*WHAT TO PRODUCE:* Write out the lines of the material below exactly, beginning at the line with "Water plant maintenance" and stopping after the line with "Las Vegas Raiders'", and leave out the pictures.

*RECORD EXTRACTS:*
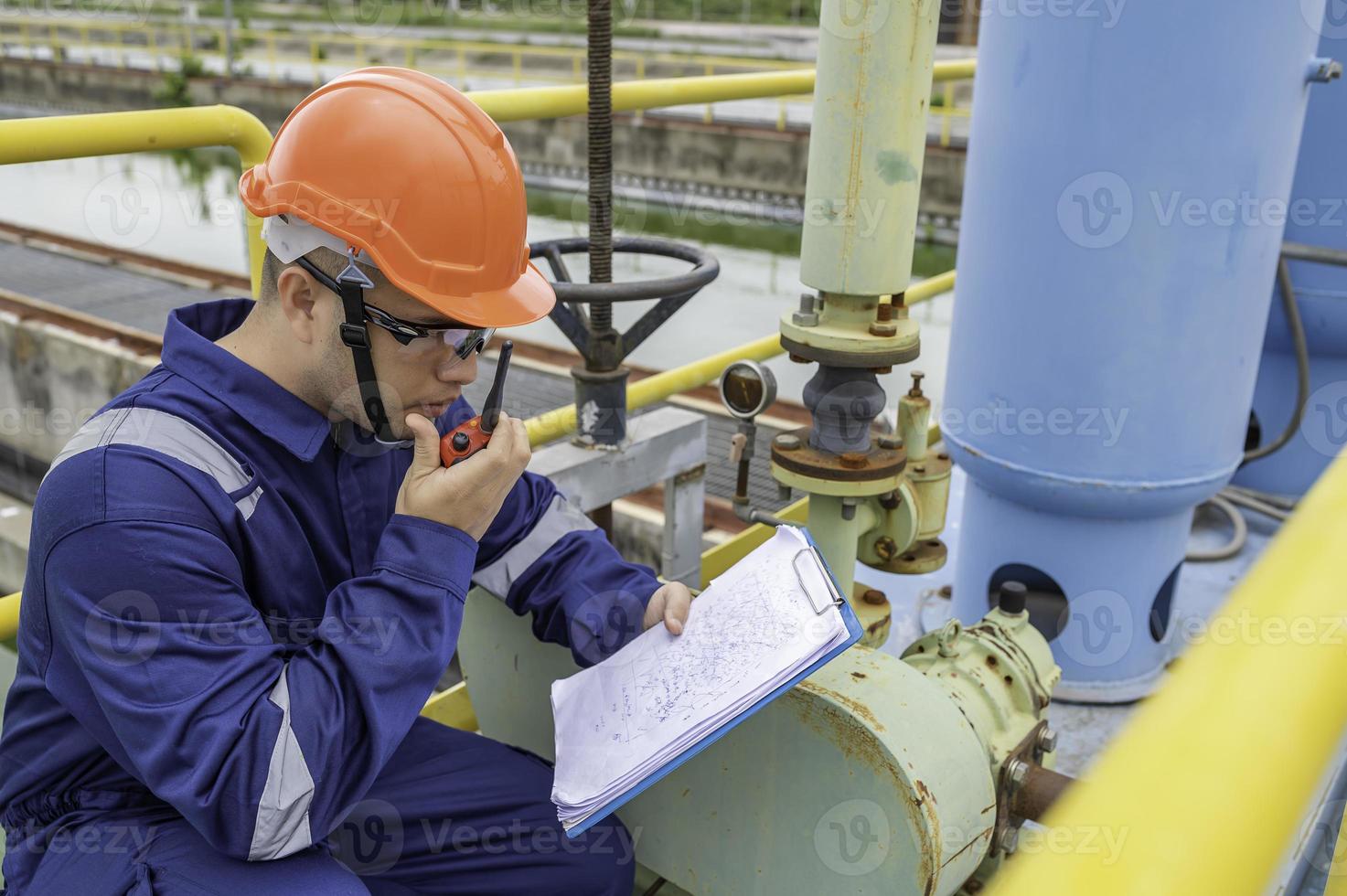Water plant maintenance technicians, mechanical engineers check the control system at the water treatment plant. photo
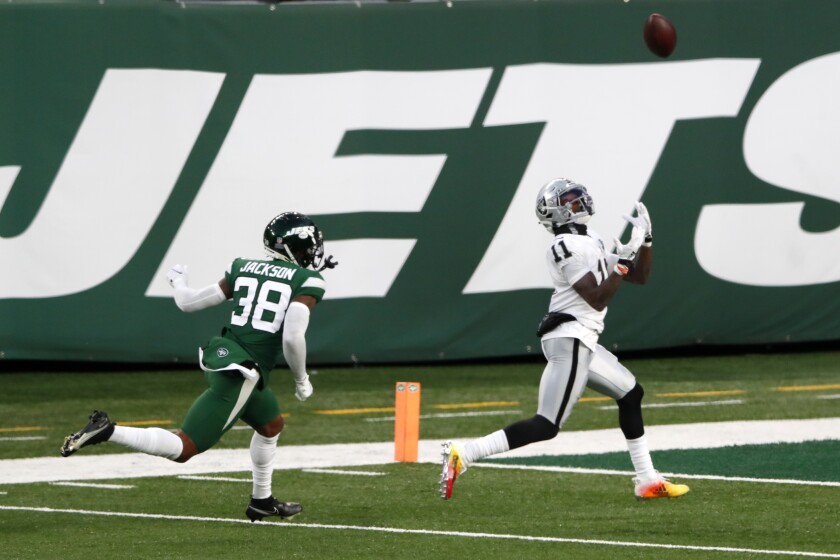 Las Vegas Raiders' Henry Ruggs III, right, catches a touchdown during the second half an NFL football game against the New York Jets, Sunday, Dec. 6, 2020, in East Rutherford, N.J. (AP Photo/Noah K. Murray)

...

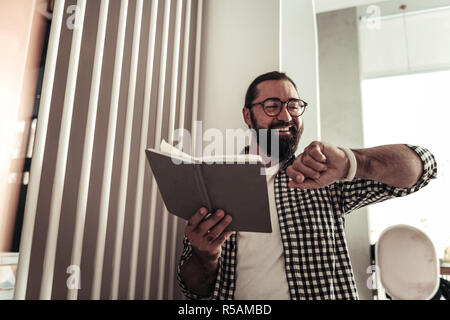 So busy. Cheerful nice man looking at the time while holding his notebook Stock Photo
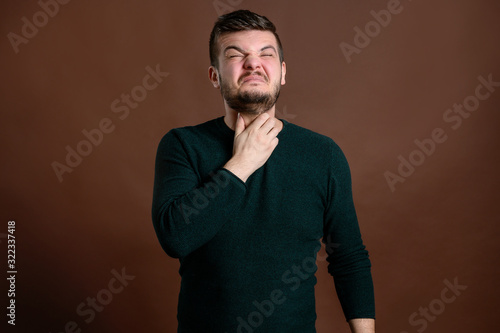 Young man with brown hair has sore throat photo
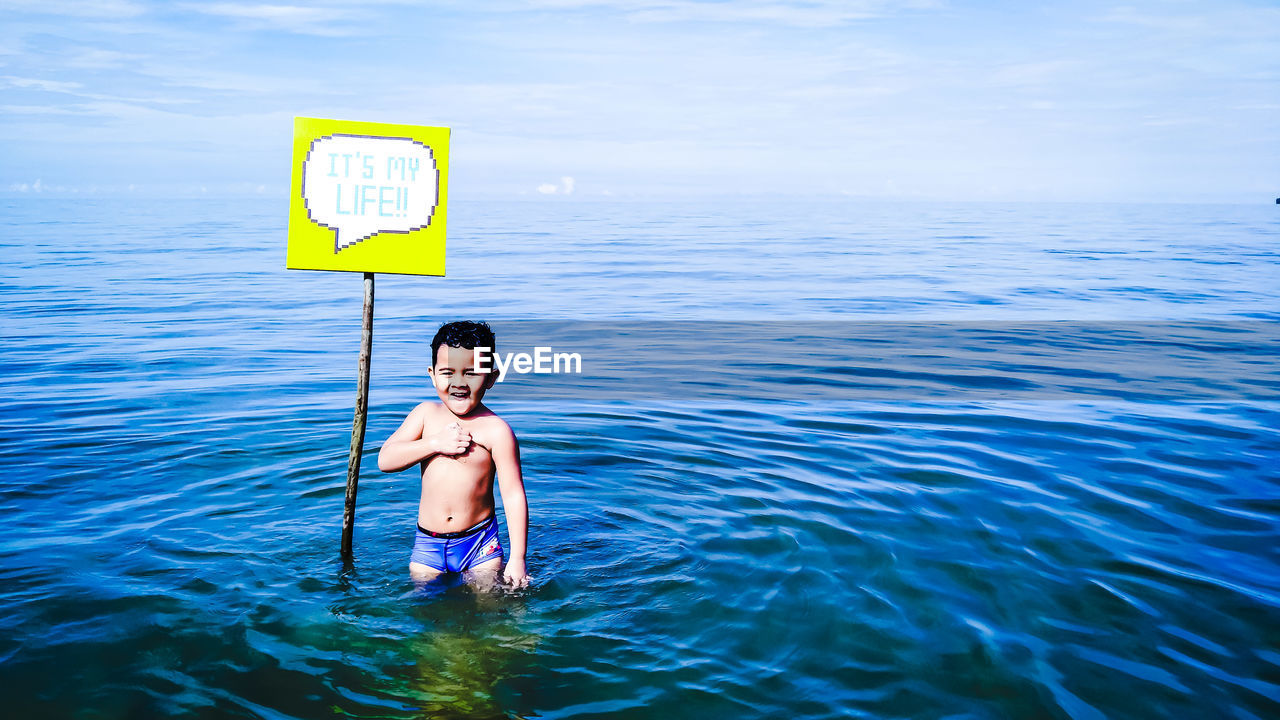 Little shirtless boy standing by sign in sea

*PROBLEM SOLUTION:*
Water plant maintenance technicians, mechanical engineers check the control system at the water treatment plant. photo
 Las Vegas Raiders' Henry Ruggs III, right, catches a touchdown during the second half an NFL football game against the New York Jets, Sunday, Dec. 6, 2020, in East Rutherford, N.J. (AP Photo/Noah K. Murray)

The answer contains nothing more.